Monday, September 17, 2018

Sunday Stalwart, Diversely Devout or Spiritually Awake: What Type of Religious Person Are You?


Are you a Sunday Stalwart? Diversely Devout? Relaxed Religious? Or Solidly Secular?

Those are some of the new categories being proposed by the Pew Research Centre in the U.S. to categorize believers in that country.

The new categories—or “typologies,” as Pew puts it—are based on answers people provided to a survey it conducted last December.

By using the new categories, Pew wants to better describe the way people believe and behave not only within faith groups, but across religions. People in the seven groups can be found in any faith tradition.

Of the seven categories, the Sunday Stalwarts are the most religious group. These are people who not only actively practice their faith, attend services weekly, and pray daily. Seventeen percent of Americans fall into this group.

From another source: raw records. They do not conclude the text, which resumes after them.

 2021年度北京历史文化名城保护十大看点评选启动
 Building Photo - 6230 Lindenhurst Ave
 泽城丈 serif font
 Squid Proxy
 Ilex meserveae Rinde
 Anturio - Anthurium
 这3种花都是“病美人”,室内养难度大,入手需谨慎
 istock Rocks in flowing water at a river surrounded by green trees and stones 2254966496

God-and-Country Believers (12%) are less active in church groups or other religious organizations, but hold many traditional religious beliefs and tilt right on social and political issues.

The Diversely Devout (11%) are people who believe in traditional ideas about God, but also consult accept other spiritual practices like consulting psychics and believing in things like reincarnation and spiritual energy.

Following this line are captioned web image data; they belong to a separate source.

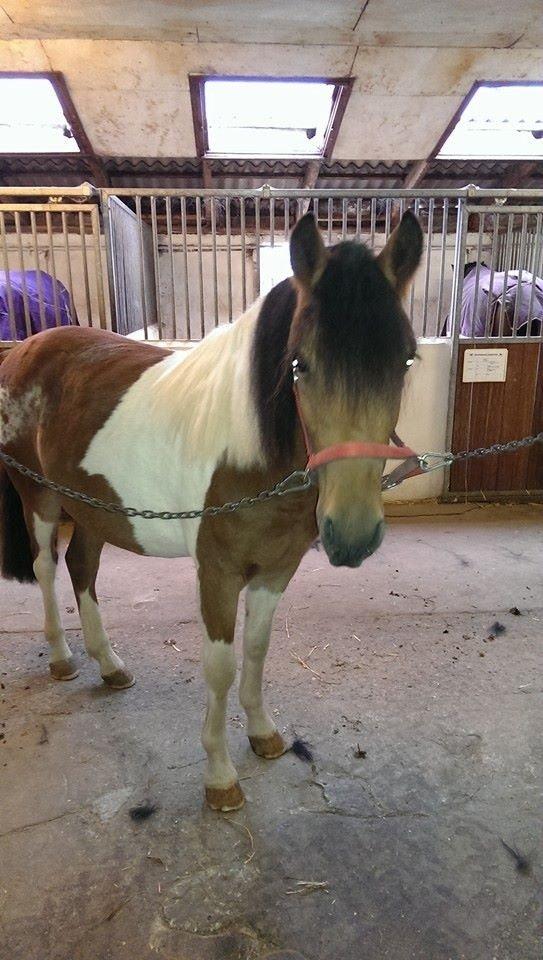 Anden særlig race Team Blues Logo Romeo billede 7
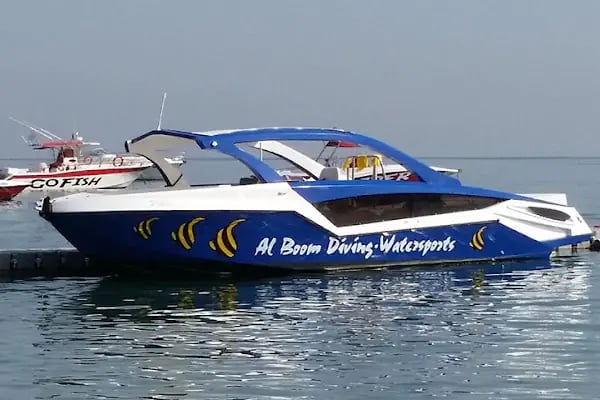 Tansal Marine - Resim 9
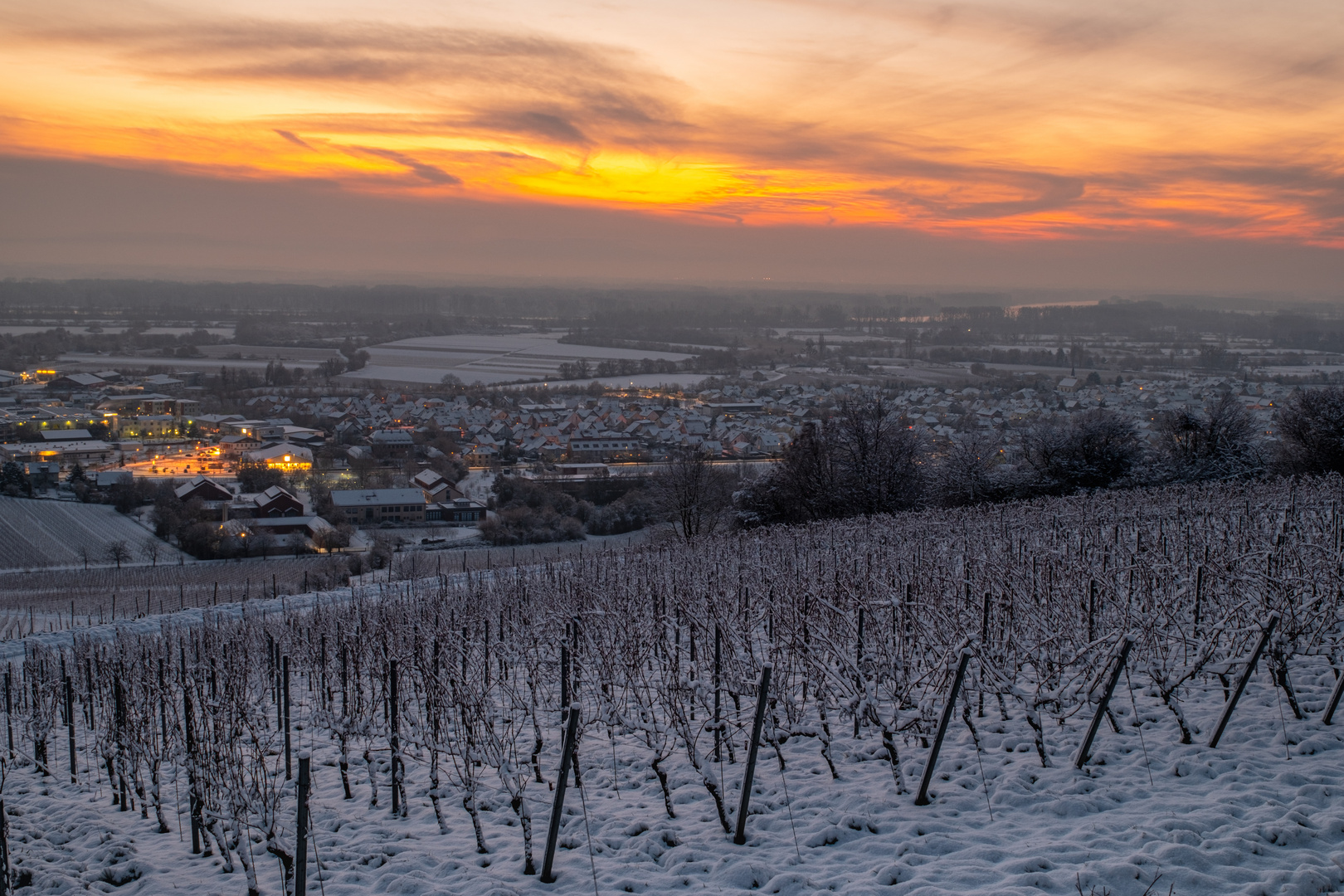 Von den Weinbergen ins Rheintal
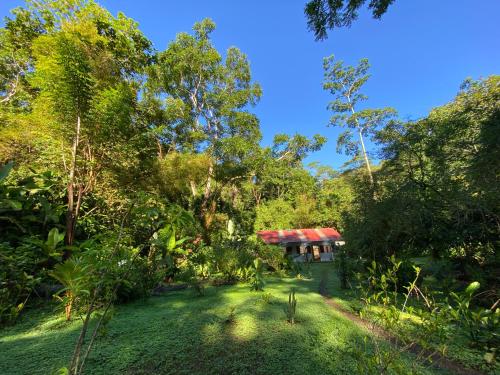 ein kleines Haus mit rotem Dach in einem Wald in der Unterkunft Casa Bolita in Dos Brazos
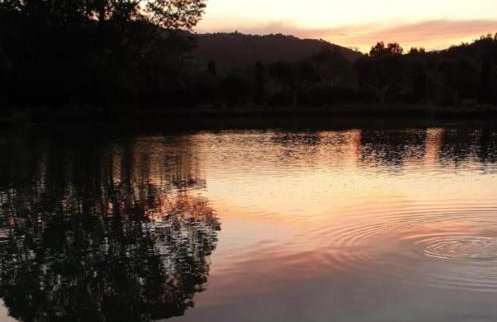 Les Iris le Lac de la Vallée - Foto 2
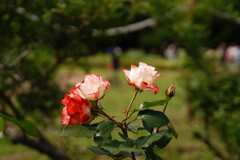GWの代々木公園 7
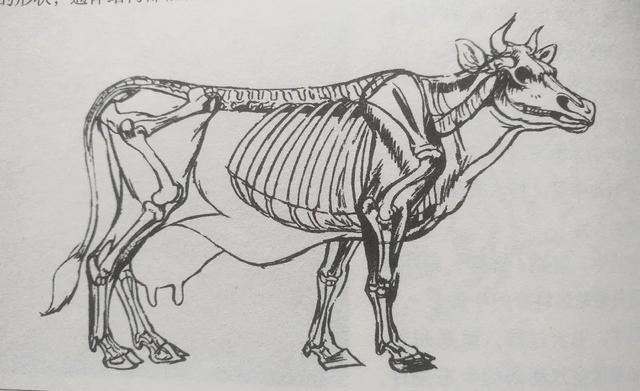 水墨国画牛画法，中国画水墨牛技法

The Relaxed Religious (17%) believe in traditional ideas about God, and four-in-ten pray daily. But fewer of them attend religious services or read scripture regularly, and they almost unanimously say it is not necessary to believe in God to be a good or moral person.

Spiritually Awake people (15%) believe in God or some higher power, though many do not believe in the traditional ideas about God. Relatively few attend religious services on a weekly basis.

Religion Resisters (12%) believe in some higher power or spiritual force, and many consider themselves to be spiritual but not religious. However, many express strongly negative views of organized religion.  

The Solidly Secular (17%) are the least religious of the seven groups. They are relatively affluent, highly educated adults, and mostly white and male. They tend to describe themselves as neither religious nor spiritual.

Pew notes that outside of the Sunday Stalwarts, relatively few Americans—even those who otherwise hold strong religious beliefs—frequently attend religious services or read their scriptures.

Instead of attending religious services, Pew observes that many Americans find fulfillment from different sources such as “their families, friends and careers, but also from being in the great outdoors, taking care of pets, listening to music and reading.”

Since this study is about Americans, it’s hard to know how well these new typologies would apply to Canada—the God-and-Country category, in particular, might not fit as well north of the border.

I also suspect that, in our much more secular Canadian society, there might be more people in the Religion Resisters and Solidly Secular categories in this country.

All the same, it would be interesting to see how people across different religions would share some of the same characteristics when it comes things like belief in God, attendance at services, reading scriptures, or praying.

What category are you in? You can find out for yourself by taking the quiz on the Pew website.